Canadian Chocho said:


> What comeback, he just basically repeated what I said but put Cicago where Toronto was and vice-versa.


Exactly.


----------



## caltrane74 (Apr 4, 2006)

I'm from Toronto.

But I like Chicago's better. Its so tall and for sure has the more modern design.


----------



## newyorkrunaway1 (Nov 21, 2004)

although i love both of them, the one in Chicago is the better lookign one.


----------



## nitzomoe (Jun 29, 2005)

not a fan of either buildings, so many examples of similar architecture, though if I had to choose I'd say chicago because of the nice curves.


----------



## chromebowler (Dec 8, 2005)

I like the Chicago Trump body because of the setbacks set at heights to match surrounding landmarks. However, I think the Toronto Trump has a nicer design at the top. I'd like to see more renderings of both side by side...


----------



## Canadian Chocho (May 18, 2006)

krull said:


> Exactly.


Mhm..:runaway:


----------



## Jules (Jun 27, 2004)

Trump Toronto is a solid design. The top could be better, but besides that, it's pretty nice...

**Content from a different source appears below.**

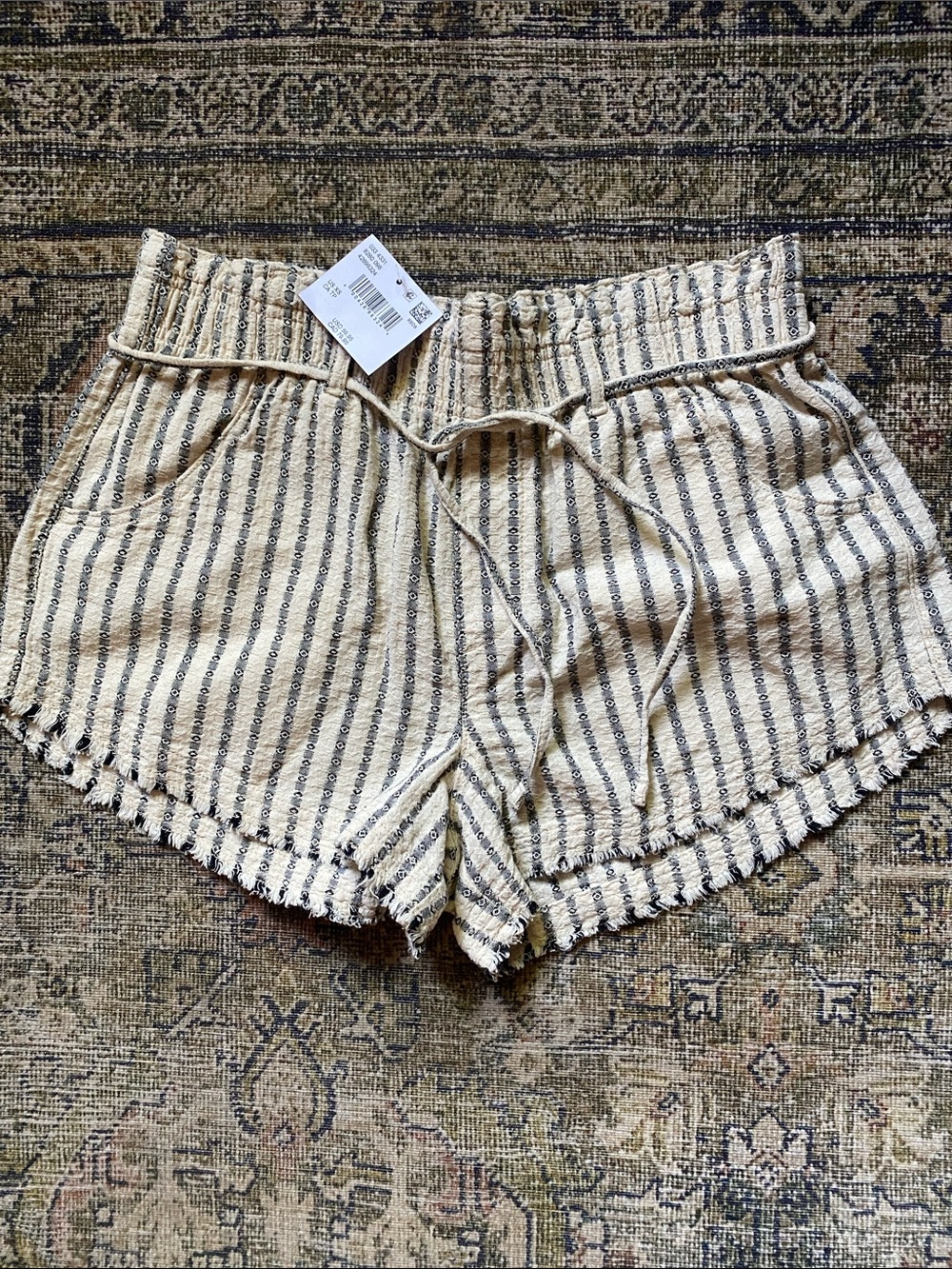 American Eagle Outfitters Cream and Black Striped High-Waist Drawstring Shorts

...but, Trump Chicago is already under construction. It's some twenty floors up, and its already looking magnificent. This one is going to be an absolute gem.


----------



## jeicow (Jul 18, 2005)

I'm going to go with neither. Trump Chicago is much more massive, has the more "scenic" location, and has the better height. Trump Chicago doesn't really end though all that hot at the top. The body is nice, but it's like they suddenly hit the maxiumum height and decided to still a pole up there. Trump Toronto is more connected to the financial center (from what I remember on my trip to Chicago, though TO's financial center has always been more focused at one pount), has the better roof ending, and will have the biggest impact on the city (tho that's likely a bias opinion). But honestly, both are really high in my books. They'll both be huge benefits to their respective cities but don't seem like landmarks to me. Actually, none of Trump's stuff seem like landmarks to me except his casinos.


----------



## mudvayneimn (Dec 8, 2006)

I prefer the Toronto...I don't know why I like it more.


----------



## J.P.V (Dec 10, 2006)

Toronto's version suits the skyline and the buildings around it, very nice building, but the Chicago version has an excellent location on the river and overlooking Lake Michigan. Also Chicago's tower is more interesting than the Toronto version.


----------



## jess19 (Jan 26, 2007)

I love the sleek design of Toronto's, which complements the skyline very well.


----------



## Zaki (Apr 16, 2005)

I find Toronto's design is nicer and fits better with the area but then chicago's is taller and has a better location AND is already under construction. Damn this is hard, i will go with Chicago. 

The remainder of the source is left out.